Task details: Word for word, restate the data that follows, omitting the images.

Collected material:
──────────

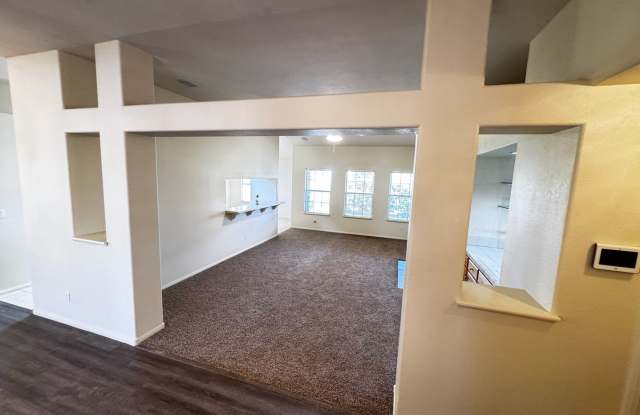 4 BED HOME IN GUARD GATED COMMUNITY! Gallery 3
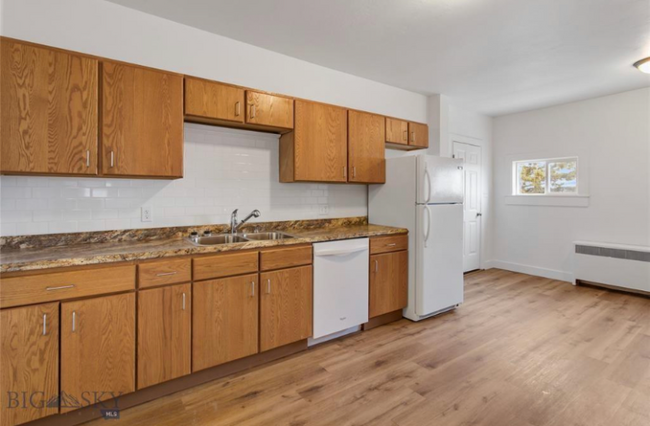 Building Photo - 23 E La Platte St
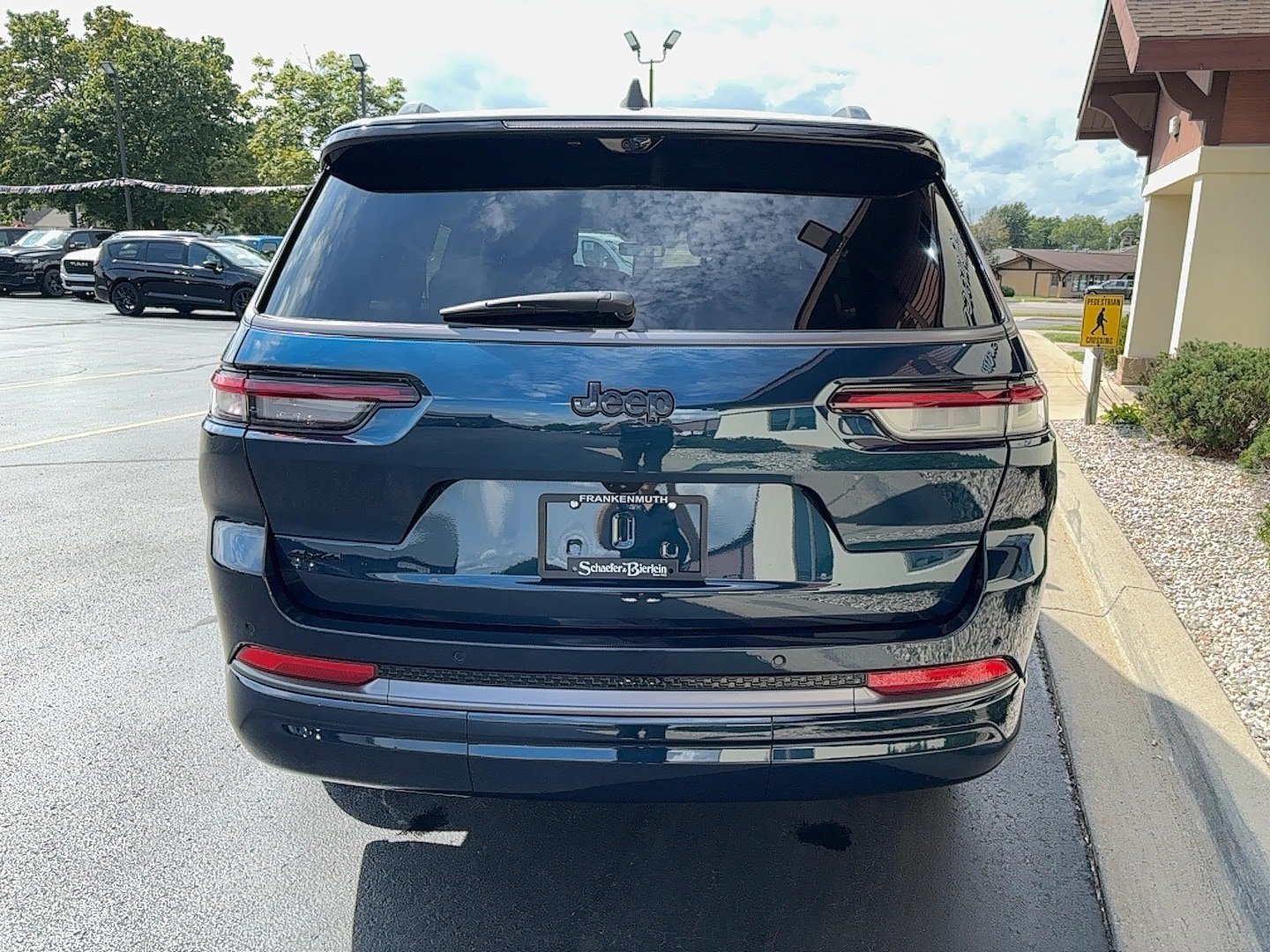 New 2027 Jeep Grand Cherokee L Limited AWD/4WD image 14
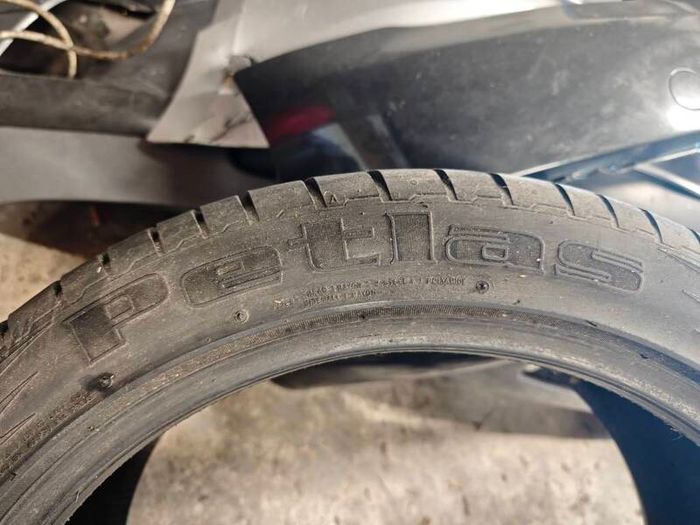 255-40-zr19 tyre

──────────

Output:
 4 BED HOME IN GUARD GATED COMMUNITY! Gallery 3
 Building Photo - 23 E La Platte St
 New 2027 Jeep Grand Cherokee L Limited AWD/4WD image 14
 255-40-zr19 tyre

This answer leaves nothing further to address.